BEGIN Source data
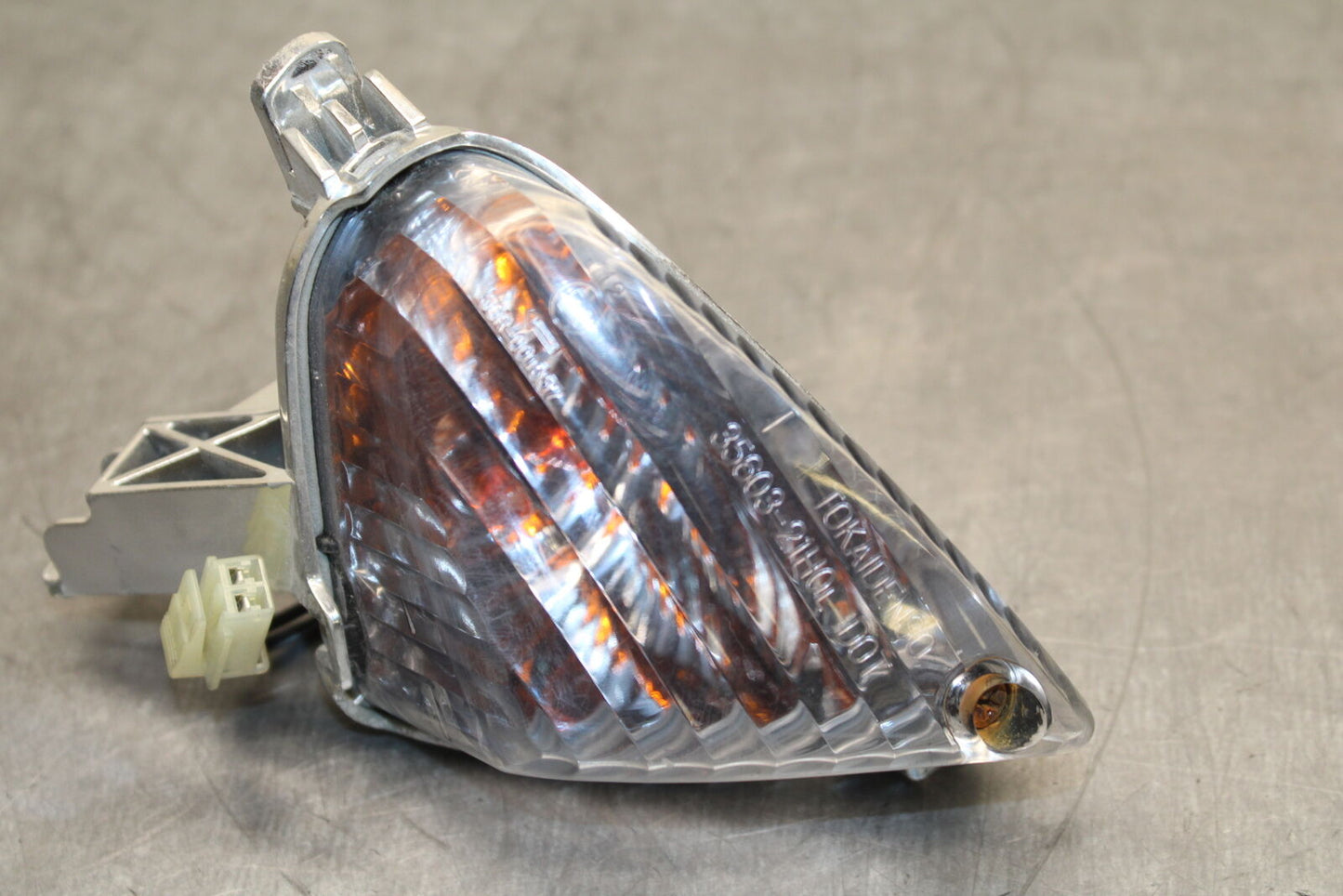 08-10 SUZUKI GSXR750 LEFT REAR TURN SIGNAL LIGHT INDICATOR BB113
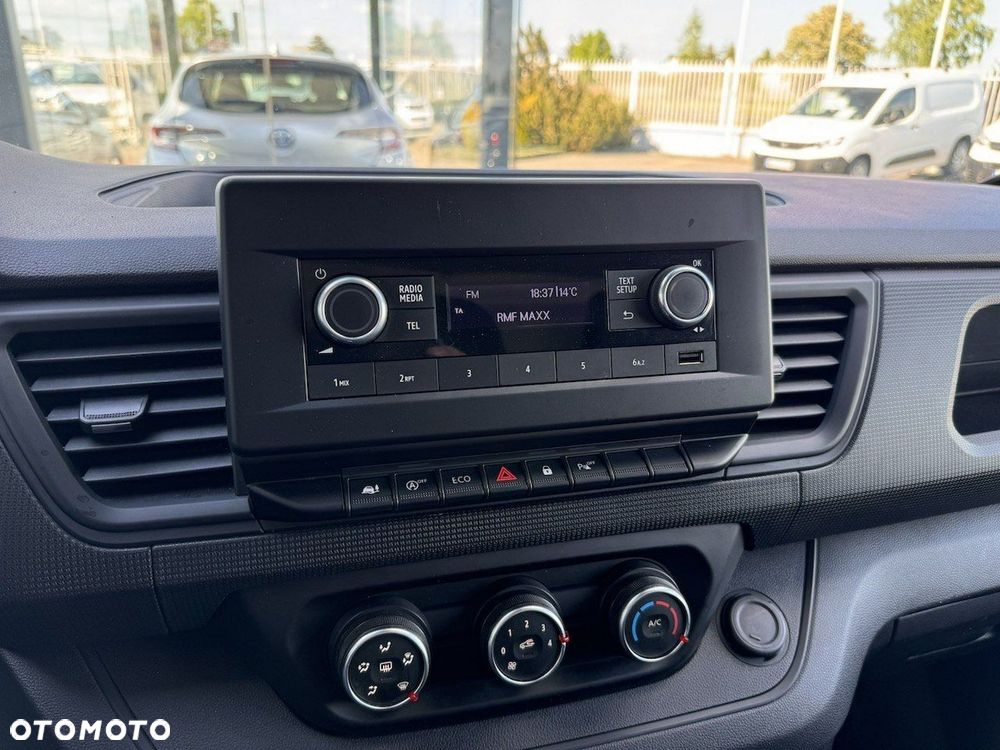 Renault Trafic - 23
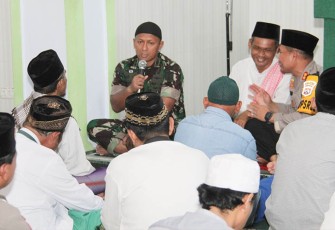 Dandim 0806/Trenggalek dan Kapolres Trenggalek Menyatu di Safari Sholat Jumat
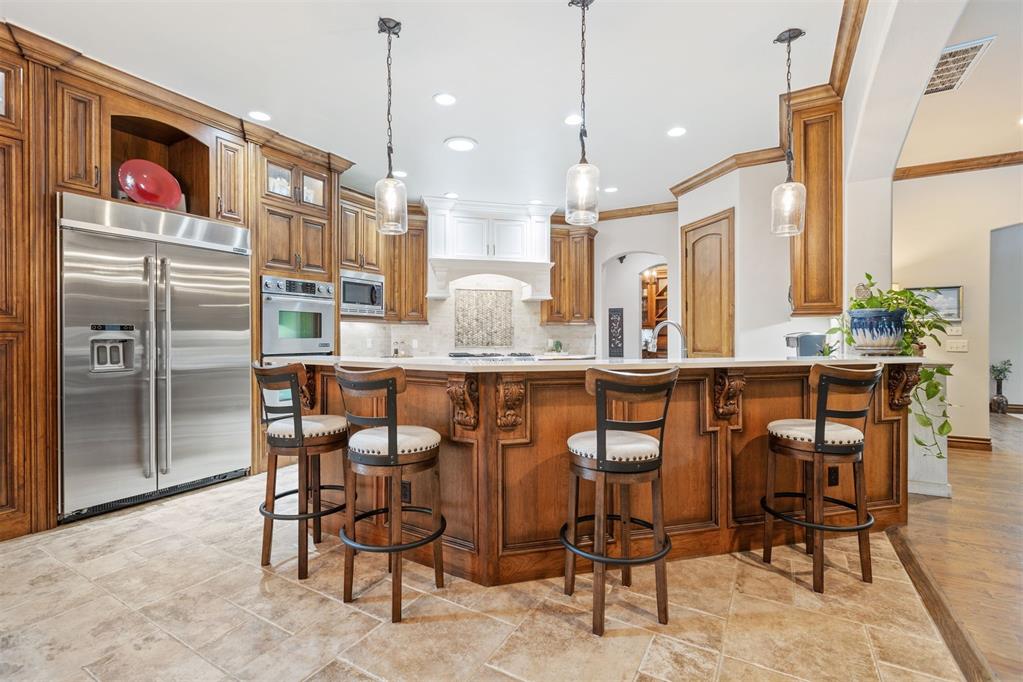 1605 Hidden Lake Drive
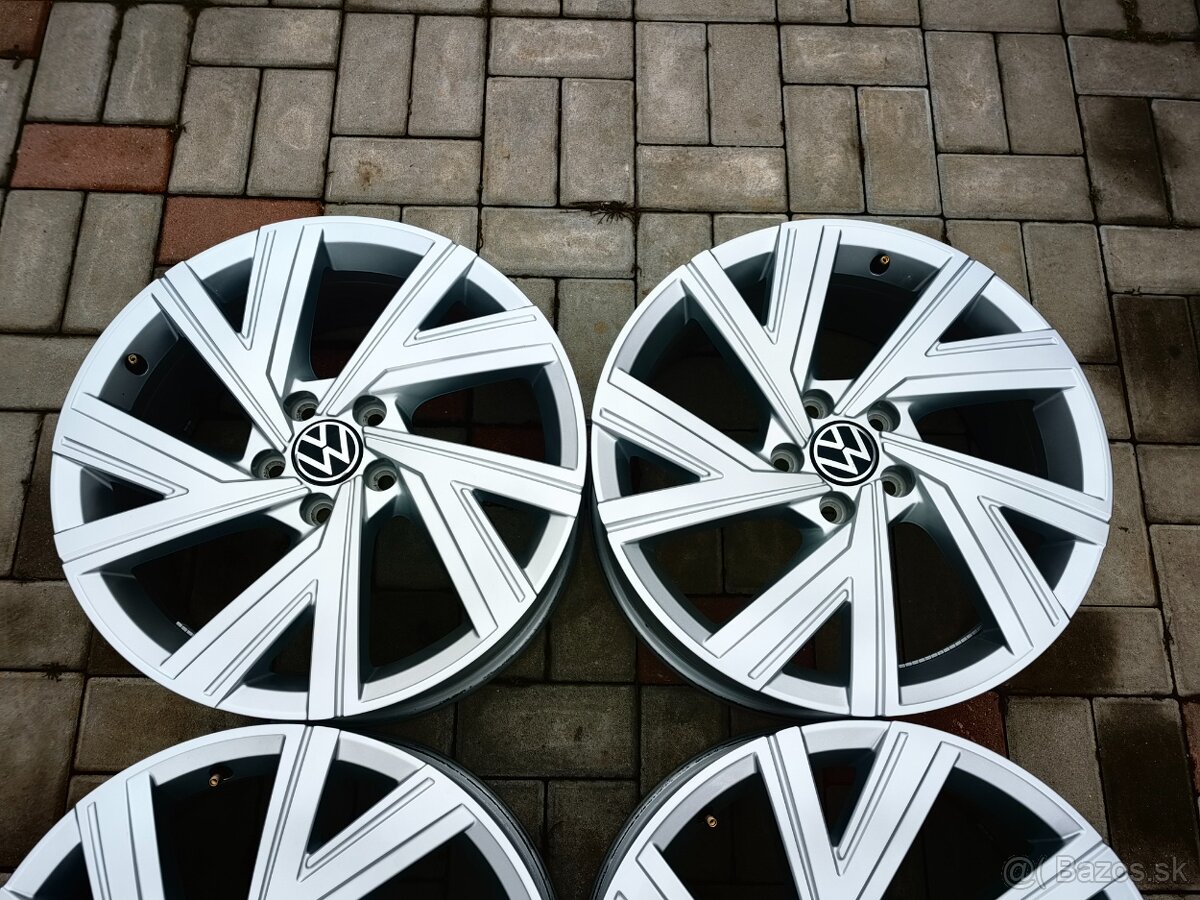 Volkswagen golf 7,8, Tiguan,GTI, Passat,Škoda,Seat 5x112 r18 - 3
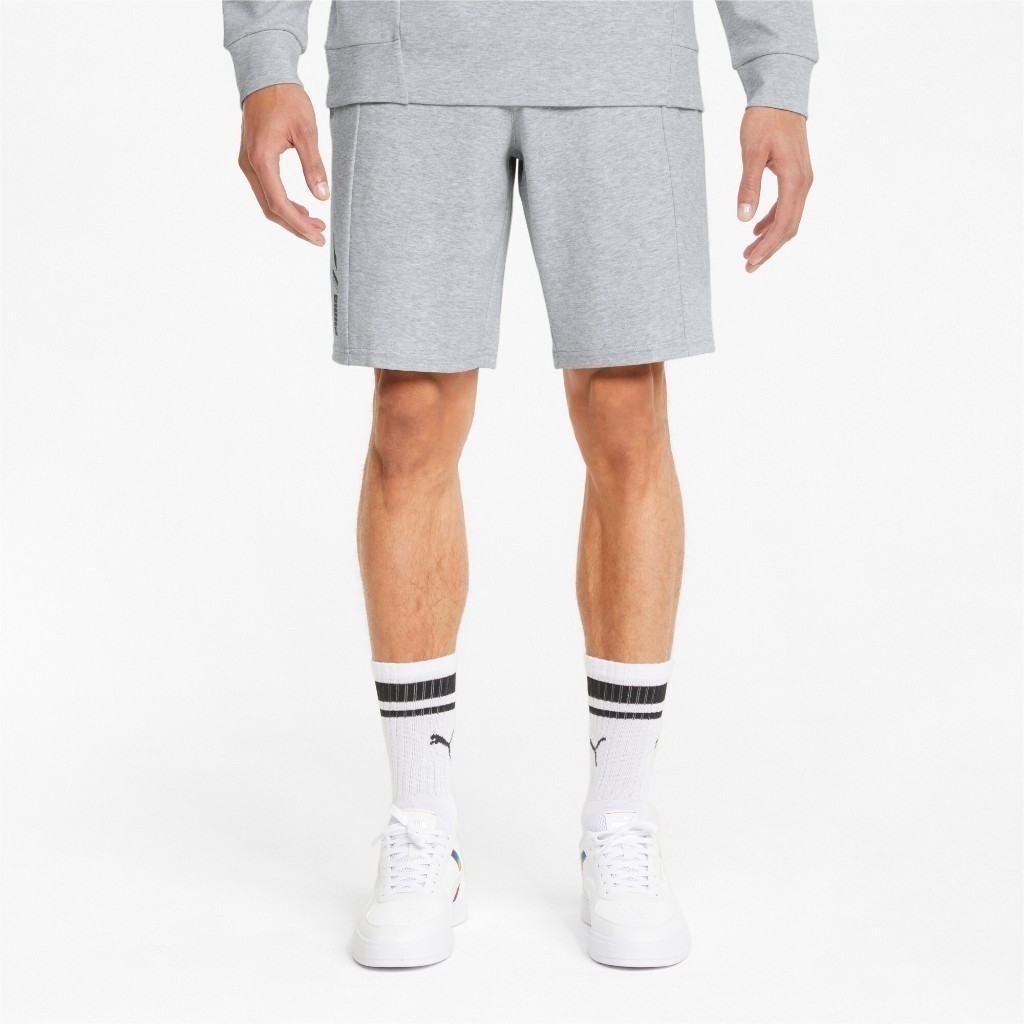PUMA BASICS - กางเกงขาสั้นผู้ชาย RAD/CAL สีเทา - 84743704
END Source data
- [What you will do]
Copy out the material above exactly; the images stay out.

- [Response]
 08-10 SUZUKI GSXR750 LEFT REAR TURN SIGNAL LIGHT INDICATOR BB113
 Renault Trafic - 23
 Dandim 0806/Trenggalek dan Kapolres Trenggalek Menyatu di Safari Sholat Jumat
 1605 Hidden Lake Drive
 Volkswagen golf 7,8, Tiguan,GTI, Passat,Škoda,Seat 5x112 r18 - 3
PUMA BASICS - กางเกงขาสั้นผู้ชาย RAD/CAL สีเทา - 84743704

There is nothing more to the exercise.